Son iki Arap ve İslam zirvesinin sonuç bildirgelerinde, soykırım ve etnik temizlik suçlarının sonuçlarına ilişkin sorumluluk, uluslararası topluma atıldı. Washington ve müttefikleri hakkında ise sadece utangaç bir şekilde “çifte standart” eleştirisi yapıldı. Ancak düşmana yönelik açıkça taraflı tutumları ve savaş suçlarına olan katkıları —planlama, finansman, silah temini, koruma, donanma desteği ve siyasi-diplomatik destek— zirve katılımcıları tarafından eleştirilmedi, bırakın eleştiriyi, bir gül bile gönderilmedi.
Soru şu: Eğer mevcut Amerikan yönetimiyle ilişkiler bu durumdaysa, Netanyahu’nun umut bağladığı ve geçmişte kendisine “cömert” davranan yeni yönetimle nasıl olacak? Üstelik bu “cömertlik”, Balfour Deklarasyonu’nun saldırgan mantığına dayanarak, “Sahip olmayanın, hak etmeyene vermesi” ilkesiyle hareket etmişti. Aynı şekilde, Trump’a daha yakın olduğu bilinen Suudi Arabistan’ın tavrı nasıl şekillenecek?
Filistin davası ve halkı lehine elde edilen kazanımlar ise yalnızca Filistinlilerin fedakârlıkları, acıları ve kahramanlıkları sayesinde gerçekleşti. Bu başarılar, Washington ve normalleşme politikalarını benimseyenlerin engellemelerine rağmen elde edildi. Tarih ve gelecek nesiller, bu normalleşme yanlılarını, kimi zaman yaptıkları nedeniyle, çoğunlukla da yapmadıkları nedeniyle lanetle anacaktır.

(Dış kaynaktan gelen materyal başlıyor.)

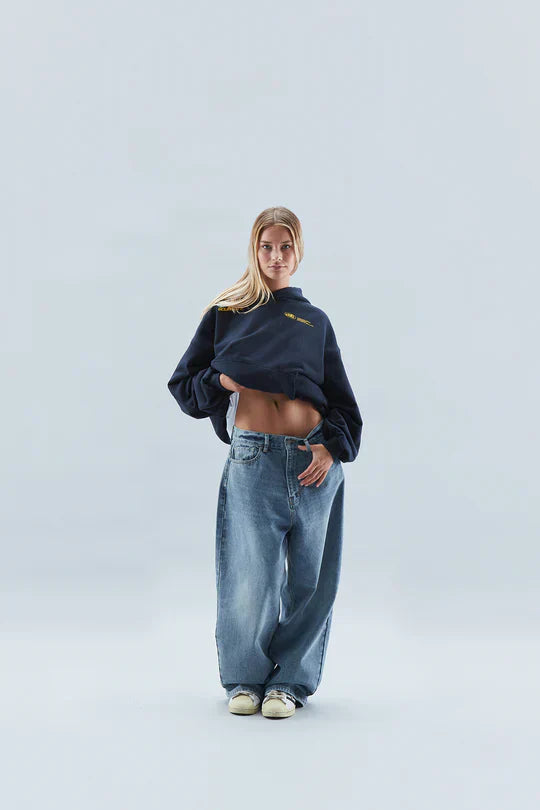 The viral "WITH LOVE" Hoodie NAVY - Luxurise Fashion - loungewear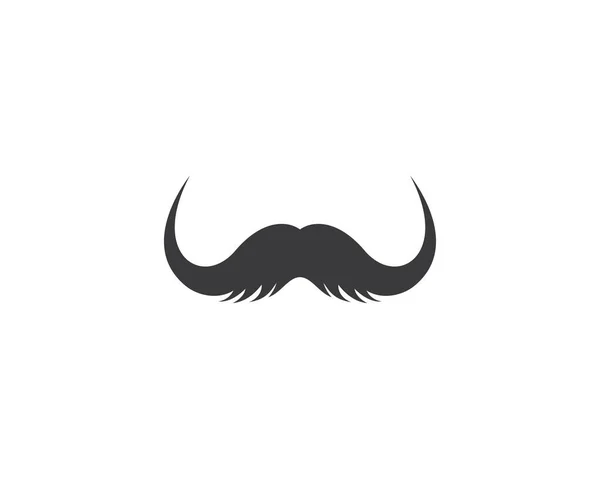 Mustache Logotipo Plantilla Vector Icono Ilustración — Archivo Imágenes Vectoriales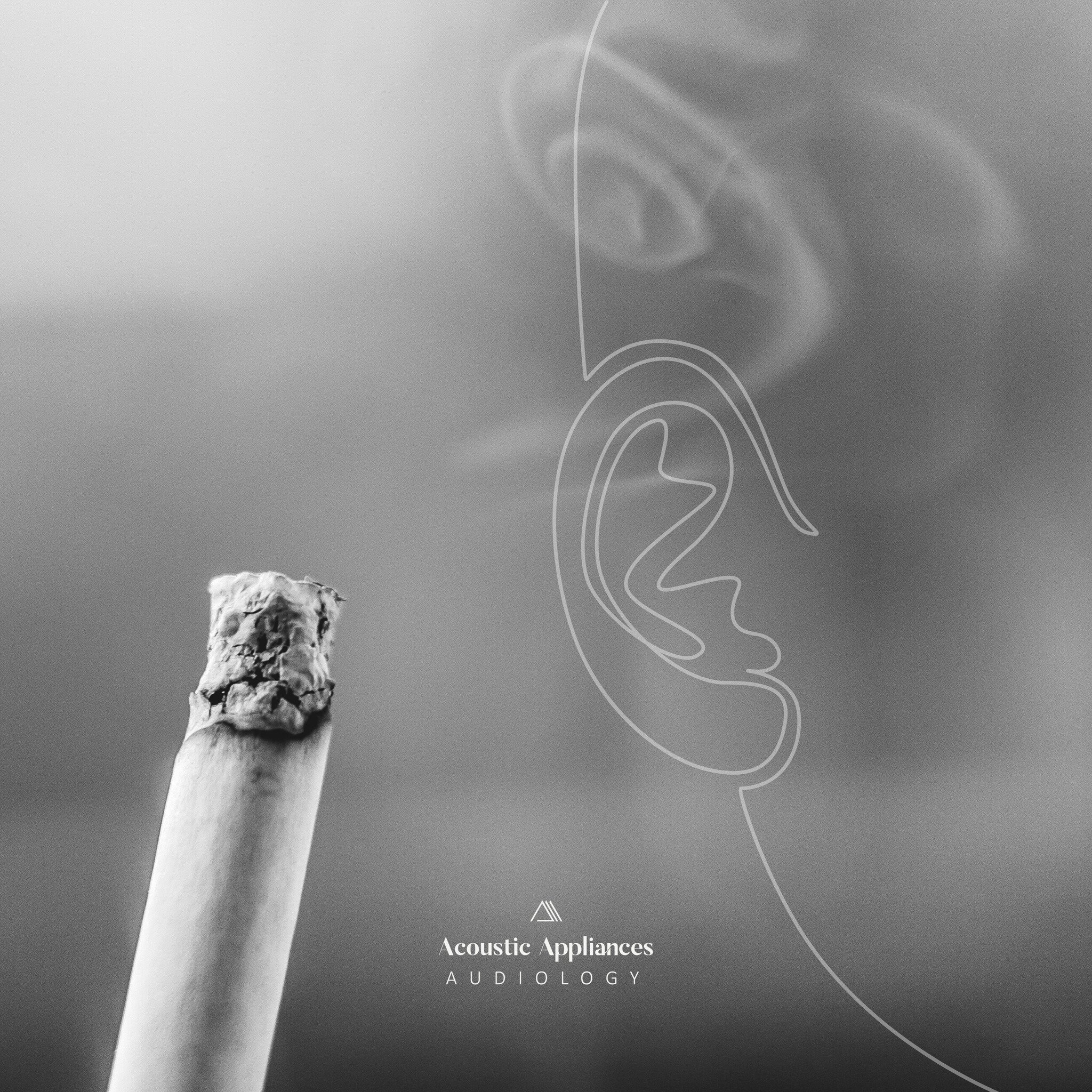 How does smoking contribute to hearing loss? 🤷&zwj;♀️

Smoking reduces the blood flow to the inner ear, which can damage the delicate hair cells that are responsible for detecting sound. Nicotine and other harmful chemicals in tobacco smoke can also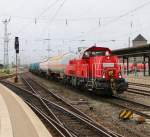 261 068-1 mit kurzem Übergabe-Zug bei der Einfahrt nach Bremen Hauptbahnhof. Aufgenommen am 19.06.2014.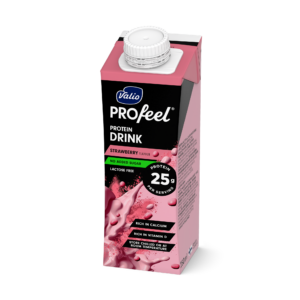 Valio PROfeel® osockrad proteindryck jordgubbsmak 250 ml laktosfri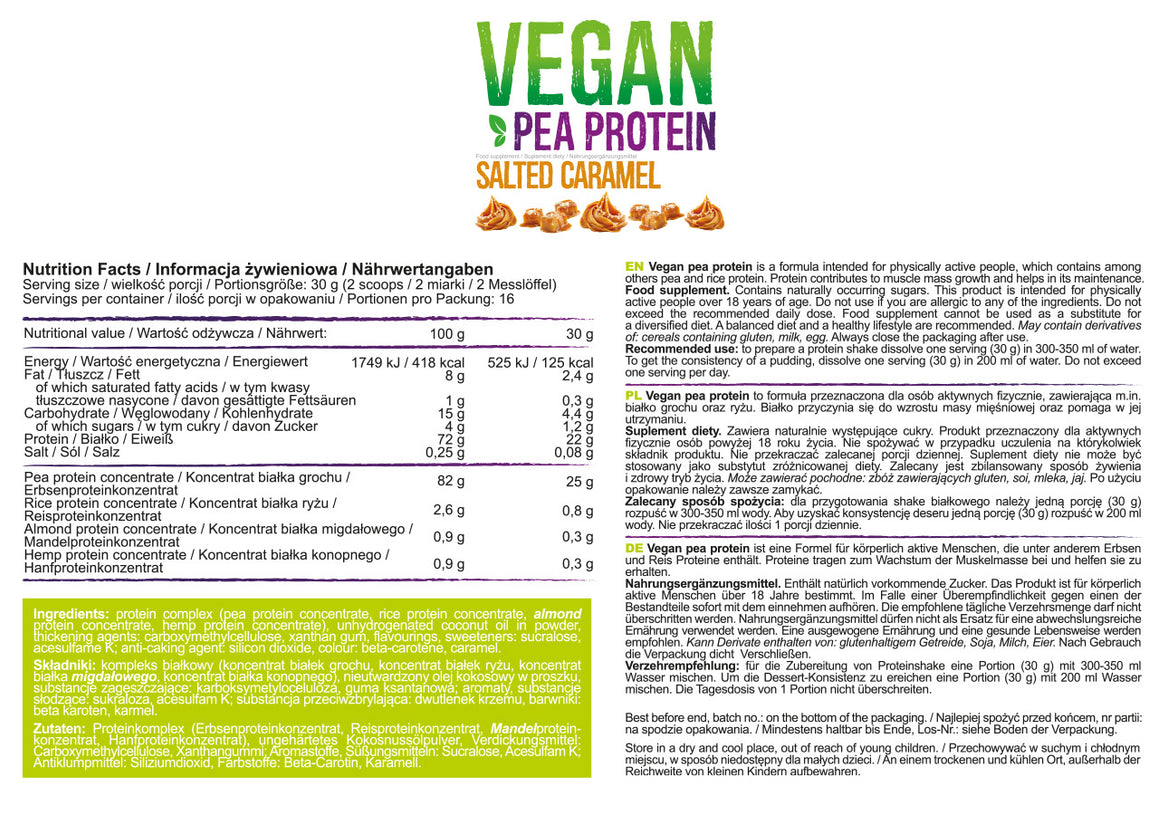 All Nutrition Vegan Pea Protein 500g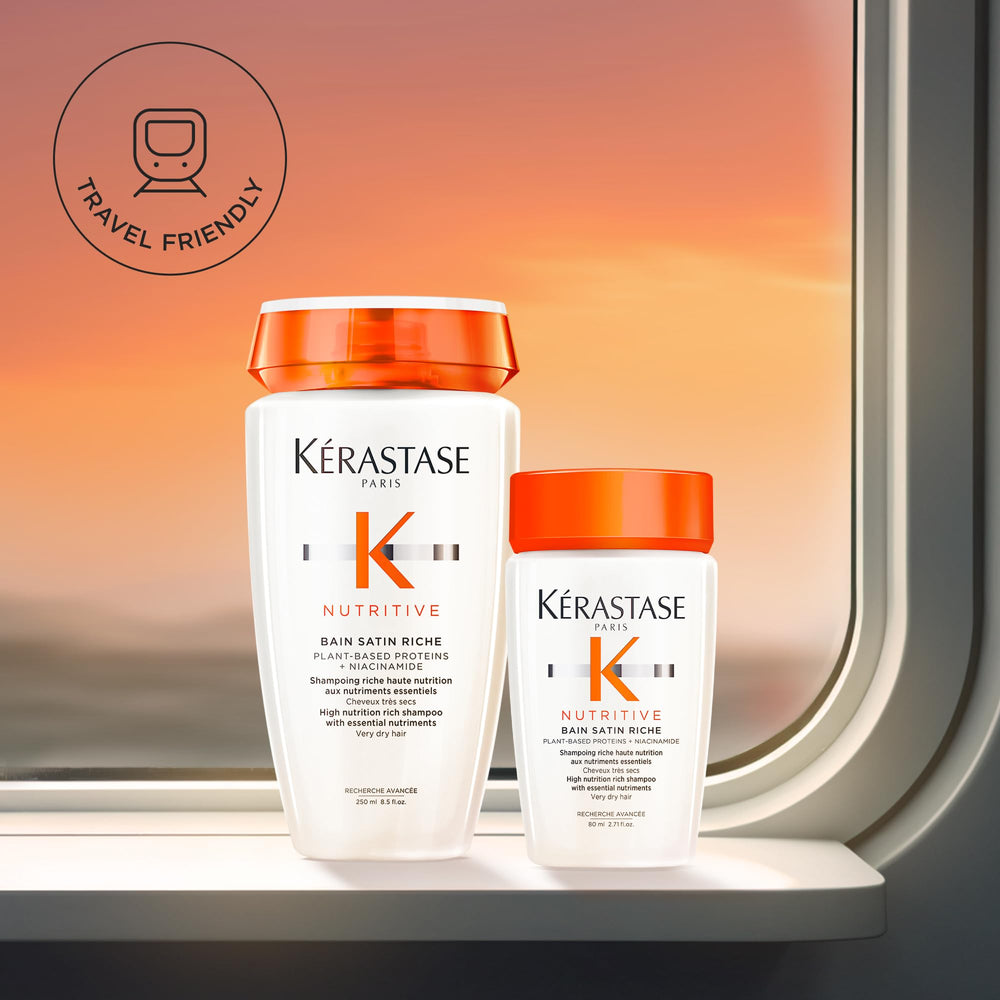 Kérastase Nutritive Bain Satin Riche ingredients highlight plant-based proteins nourishing strands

Doğru tavrı sergilemek, düşmanı dosttan, suçluyu mağdurdan ayırt etmekle başlar. Bu, suçluya ortak olmak, suçlarını örtmek ya da mesuliyetini örtbas etmekle asla bağdaşmaz. Tüm bunlar ve daha fazlası göz önüne alındığında; özellikle Siyonist düşman ve ortaklarının katliamları sürdürdüğü bir ortamda, Arap-İslam zirvesinin izleme komitesini “en başarılısı” olarak tanımlamak ya da zirve sonuçlarını “muazzam ve tarihi” olarak nitelendirmek doğru değildir. Aksine, gerçek bu değerlendirmelerin tam tersidir, en azından şimdilik!